NIAGARA-ON-THE-LAKE, Canada — Constructed alongside Lake Ontario, this town is considered one of Canada's most beautiful. For the last 26 years, however, it has gained accolades for presenting the works of George Bernard Shaw and his contemporaries.
From mid-April to mid-October the town holds a Shaw festival.
Among the festival's offerings this year are his "You Never Can Tell," Tolstoy's "War and Peace" and J. M. Barrie's "Peter Pan." Also, there's a "Stan Kenton Reunion," during which noted jazz musicians pay tribute to one of their finest.
It's a 20-minute drive to Niagara Falls, down one of the most scenic, flowery and well-cared-for stretches of roadway in North America. The Canadian-side views of the falls are magnificent, mist-shrouded by day or in a rainbow of colors by night.
Lovely old homes attest to the town's prosperity as a shipping, shipbuilding and railway center in years past.
Niagara-on-the-Lake also is surrounded by vineyards that produce a delightful Chardonnay, and pilgrimages to the Maple Leaf and Niagara fudge stores in town are made by chocoholics.
Here to there: Fly Air Canada or Wardair direct to Toronto; other carriers have stops or changes. From Toronto it's about 90 miles by bus or car to Niagara-on-the-Lake. Buffalo is another gateway, about 45 minutes by road.
How long/how much?

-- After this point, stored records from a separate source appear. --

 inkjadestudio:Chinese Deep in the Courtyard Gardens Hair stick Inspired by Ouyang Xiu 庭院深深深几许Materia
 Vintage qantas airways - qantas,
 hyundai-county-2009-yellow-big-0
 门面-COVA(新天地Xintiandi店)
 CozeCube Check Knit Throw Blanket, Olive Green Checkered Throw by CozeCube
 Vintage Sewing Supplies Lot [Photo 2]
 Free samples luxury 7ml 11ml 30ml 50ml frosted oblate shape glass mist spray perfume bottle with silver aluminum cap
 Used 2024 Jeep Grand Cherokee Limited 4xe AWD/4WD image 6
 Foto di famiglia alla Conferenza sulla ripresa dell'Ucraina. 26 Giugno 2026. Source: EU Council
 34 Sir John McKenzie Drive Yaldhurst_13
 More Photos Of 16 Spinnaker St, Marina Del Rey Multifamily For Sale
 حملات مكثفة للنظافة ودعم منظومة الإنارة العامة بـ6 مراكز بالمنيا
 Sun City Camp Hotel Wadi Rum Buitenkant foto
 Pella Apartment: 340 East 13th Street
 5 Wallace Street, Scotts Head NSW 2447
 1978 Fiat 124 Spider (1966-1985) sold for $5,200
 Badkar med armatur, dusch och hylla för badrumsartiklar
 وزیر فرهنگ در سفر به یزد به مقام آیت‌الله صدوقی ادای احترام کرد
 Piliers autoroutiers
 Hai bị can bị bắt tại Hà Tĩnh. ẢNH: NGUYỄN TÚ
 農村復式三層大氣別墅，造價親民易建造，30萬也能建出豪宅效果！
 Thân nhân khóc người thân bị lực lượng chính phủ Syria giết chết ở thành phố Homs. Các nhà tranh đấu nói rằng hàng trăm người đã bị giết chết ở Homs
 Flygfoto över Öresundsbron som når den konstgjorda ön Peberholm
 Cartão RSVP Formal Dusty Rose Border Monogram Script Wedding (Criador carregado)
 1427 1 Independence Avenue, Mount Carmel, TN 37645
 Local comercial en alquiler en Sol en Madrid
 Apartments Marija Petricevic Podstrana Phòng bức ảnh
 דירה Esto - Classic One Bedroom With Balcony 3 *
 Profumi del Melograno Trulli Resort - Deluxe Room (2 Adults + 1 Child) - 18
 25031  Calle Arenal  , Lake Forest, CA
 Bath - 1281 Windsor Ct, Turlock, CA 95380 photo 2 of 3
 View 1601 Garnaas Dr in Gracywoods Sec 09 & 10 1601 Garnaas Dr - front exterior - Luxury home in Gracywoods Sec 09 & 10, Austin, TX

Spend at least a day, more time for a trip to Niagra Falls or to attend one or more of the 10 plays being given this year. Lodging and dining are moderate.
Fast facts: The Canadian dollar was recently worth about 80 cents U.S., stretching ours to $1.24 up there. Weather is good from late spring to fall, foliage spectacular during the fall. You'll need positive identification for entry into Canada--birth or baptism certificate, voter registration slip or passport.
Settling in: The Oban Inn (Gate Street; $68-$80 double) is one of the oldest homes in town. Built in 1824 by a Scottish sea captain, it's a study in white, with dormers and broad verandas. Inside, all is Victorian charm and nostalgia, warm and casual. Each room is decorated differently, with overstuffed chairs, matching bedspreads and wall coverings, crystal chandeliers.
Prince of Wales (6 Picton St.; $80-$90 double), another oldie, dates from 1864. It's larger than the Oban, and also heavy with Victorian overtones. Standard double rooms are comfortable, but nothing special in the way of decor. Deluxe and superior rooms up to $128.
The Camp-Orders House (307 Mississauga St.; $55 B&B double) is an 1818 home restored during the past two years. Bedrooms feature separate entrances, are furnished in antiques. Walls have hand-stenciled friezes, bedrooms homespun-wool bed coverings and shiny wood floors. Imaginative breakfasts are put together with fresh local fruit and produce.
Varey-Hendrie House (105 Johnson St.; $68 B&B double, private bath, $56 shared) dates to about 1810. Burned in the War of 1812 and rebuilt in 1837, it has a private sitting room for guests, with Victorian furnishings. The dining room also has a wood-burning fireplace. Antique wash stands and period furniture are in some bedrooms, one of which has a crewel-covered tester bed. There are substantial breakfasts and a pleasant and very chatty owner. If you want a smoke here, or at the Camp-Orders House, you'll have to step outside.
Regional food and drink: Local tables take their culinary cue from the English, but for a small town there have been remarkable excursions into more international fare. We had excellent Szechwan beef and a most commendable French meal.
Also there's great Alberta beef or seafood from the Maritime Provinces. The immediate area is noted for its fresh produce and fruits, with orchards of peaches, apples, cherries and vineyards. The wines, mainly whites, warrant more recognition than they have received outside Canada. Try those of Inniskillen, Brae Blanc and Chateau Des Charmes vineyards, all excellent values.
Moderate-cost dining: Oban Inn's handsome dining room presents a decidedly English menu: pork pie with piccalilli relish, steak and kidney pie, potted shrimp, seafood casseroles and English trifle. Some tables have window views of the lake, all have fresh nosegays. Service is attentive and enthusiastic.
Fans Court (135 Queen St.) lays it out cold on the front door with a sign: "We serve authentic Chinese food, no Chop Suey." What it does serve is Singapore-style satays , a respectable number of stir fries, Szechwan beef or scallops and a great-looking radish and pork soup. This place is small and modest, with a choice of dining indoors or on a sunny courtyard with a green sea-dragon fountain at its center.
Royals (Prince of Wales Hotel) is the place to see and be seen before an evening performance of the Shaw festival. Dignified and comfortable, Royals is noted for its innovative dishes, soft candlelight and fine wine.